Academics often make a virtue of puritanism when they travel. Perhaps it is the result of spending so much time among students who travel cheaply and stay in simple hotels. However, trips to Italy or Spain for academic conferences are unabashed perks.
Recently in Times Higher Education, Simon Goldhill, fellow and director of Classics at King's College, Cambridge, extolled the virtues of standing in the sea off Crete with fellow conference-goers and of communing over bottles of wine in the local taverna. But there are other types of gatherings on the shores of the Mediterranean. Many conference attendees make themselves scarce after the pompous grand opening in the presence of politicians and bishops, surfacing for receptions and dinners, but somehow never making it to the lectures - after all, they point out, everything (of whatever quality) will be published in the Proceedings, even though they may take six or seven years to appear in print. Quite apart from the free gifts - silk ties, handsomely illustrated books, local ceramics - the quality of the hotel is likely to be very high; if not, the organisers will lose face.
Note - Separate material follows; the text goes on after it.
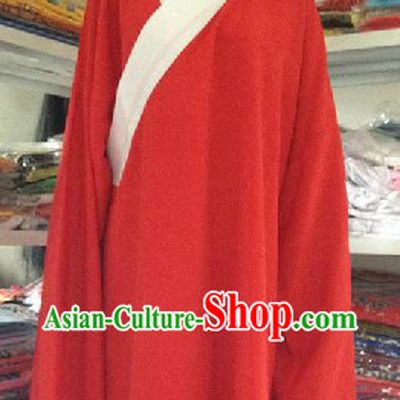 Traditional Chinese Red Long Robe Water Sleeves Costumes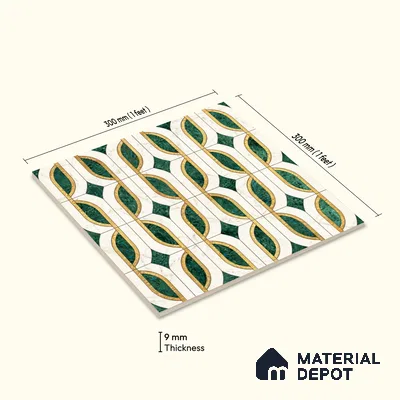 Moroccan Wall & Floor Tile TL 10022 | CRV-115 | 1 ft x 1 ft Matte Finish Ceramic Tile - 10 mm | Suitable for Bathroom, Kitchen, Balcony | Please Expect a Slight Variation of Pattern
I used to think that invitations to speak in those countries were based on the flattering belief that I would have something interesting to say. But one factor is often that the funding bodies (including proud regional governments) provide better accommodation for conferences that are "international". As a result, the presence of one English visitor may be vital to the comfort of everyone else, and polite refusal to take part because one has other commitments may be met with disbelief and an ever more strident insistence that one should still come, even for only 24 hours.
Put simply, you make friends by attending, and enemies by declining to do so. I have even found my name on the programme of conferences I was never invited to attend. Most disconcerting, though, was a phone call asking me to go to Kosovo in three days' time to speak about the way the 15th-century Albanian hero Scanderbeg was portrayed in English literature. A ticket had even been booked with British Airways. While I claim to know something about the historical Scanderbeg, I am completely incapable of speaking about his reputation in English literature and, not surprisingly, I had already made other arrangements for the weekend.
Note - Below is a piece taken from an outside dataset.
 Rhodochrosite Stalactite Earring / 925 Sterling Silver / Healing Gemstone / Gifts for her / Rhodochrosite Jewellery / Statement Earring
Some years ago, my urge to travel did take me to Albania proper, in the days when it was ruled by the horrendous Enver Hoxha. The handful of British visitors who made the journey were not allowed contact with Albanians, apart from the Albturist guides, some of whom were party hacks of the worst sort. I heard one being asked: "Do Albanians ever travel abroad?" She answered: "For us, foreign travel is an abstract concept."
She then became more than a little irritated by a question about prison camps as she conducted a tour around the Museum of Atheism in Shkoder. On the walls there was a photograph of President John F. Kennedy meeting the Pope some years earlier. "This proves that American imperialism and the Vatican are in league," she stridently announced. Next there was a photo of President Nikolai Podgorny of the Soviet Union meeting the Pope. "And this proves that Soviet social imperialism and the Vatican are in league," she added.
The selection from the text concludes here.